Creating and Manipulating Pandas DataFrames

This snippet demonstrates how to create, access, and manipulate Pandas DataFrames, a fundamental data structure for tabular data analysis in Python.

Creating a Pandas DataFrame

This code shows three ways to create a Pandas DataFrame: from a dictionary, from a list of dictionaries, and from a list of lists. When created from a dictionary, keys become the column names. When created from a list of dictionaries, each dictionary represents a row. When created from a list of lists, the `columns` parameter specifies the column names.

import pandas as pd

# Creating a DataFrame from a dictionary
data = {'Name': ['Alice', 'Bob', 'Charlie', 'David'],
        'Age': [25, 30, 22, 28],
        'City': ['New York', 'London', 'Paris', 'Tokyo']}
df1 = pd.DataFrame(data)
print("DataFrame from a dictionary:\n", df1)

# Creating a DataFrame from a list of dictionaries
data_list = [
    {'Name': 'Alice', 'Age': 25, 'City': 'New York'},
    {'Name': 'Bob', 'Age': 30, 'City': 'London'},
    {'Name': 'Charlie', 'Age': 22, 'City': 'Paris'},
    {'Name': 'David', 'Age': 28, 'City': 'Tokyo'}
]
df2 = pd.DataFrame(data_list)
print("\nDataFrame from a list of dictionaries:\n", df2)

# Creating a DataFrame from a list of lists
data_lol = [["Alice", 25, "New York"], ["Bob", 30, "London"], ["Charlie", 22, "Paris"], ["David", 28, "Tokyo"]]
df3 = pd.DataFrame(data_lol, columns=["Name", "Age", "City"])
print("\nDataFrame from a list of lists:\n", df3)

Accessing Data in a DataFrame

This demonstrates how to access data within a DataFrame using column names, row labels (`.loc`), row positions (`.iloc`), and specific element locations. `.loc` uses labels, while `.iloc` uses integer positions.

import pandas as pd

data = {'Name': ['Alice', 'Bob', 'Charlie', 'David'],
        'Age': [25, 30, 22, 28],
        'City': ['New York', 'London', 'Paris', 'Tokyo']}
df = pd.DataFrame(data)

# Accessing a column
print("Name column:\n", df['Name'])

# Accessing a row using .loc (label-based)
print("\nRow at index 1 (Bob):\n", df.loc[1])

# Accessing a row using .iloc (integer-based)
print("\nRow at position 2 (Charlie):\n", df.iloc[2])

# Accessing a specific element
print("\nAge of Alice:", df.loc[0, 'Age'])
print("\nAge of Bob:", df.iloc[1, 1])

Modifying a DataFrame

This illustrates how to modify existing elements, add new columns, add new rows, and delete columns and rows from a Pandas DataFrame.
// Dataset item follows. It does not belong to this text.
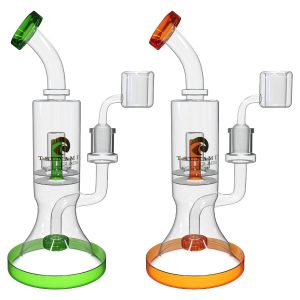 Tsunami 11" Double Shower Head Glass Water Pipe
Adding a new row requires using `pd.concat` to combine the existing DataFrame with a new DataFrame containing the row. Deletion of a column is performed using the `del` keyword. Deleting a row requires the use of the drop method.

import pandas as pd

data = {'Name': ['Alice', 'Bob', 'Charlie', 'David'],
        'Age': [25, 30, 22, 28],
        'City': ['New York', 'London', 'Paris', 'Tokyo']}
df = pd.DataFrame(data)

# Modifying an element
df.loc[1, 'Age'] = 31
print("DataFrame after modifying Bob's age:\n", df)

# Adding a new column
df['Salary'] = [60000, 70000, 55000, 65000]
print("\nDataFrame after adding a salary column:\n", df)

# Adding a new row
new_row = {'Name': 'Eve', 'Age': 24, 'City': 'Sydney', 'Salary': 58000}
df = pd.concat([df, pd.DataFrame([new_row])], ignore_index=True)
print("\nDataFrame after adding a new row:\n", df)

# Deleting a column
del df['City']
print("\nDataFrame after deleting the City column:\n", df)

#Deleting a row
df = df.drop(5)
print("\nDataFrame after deleting the last row:\n", df) 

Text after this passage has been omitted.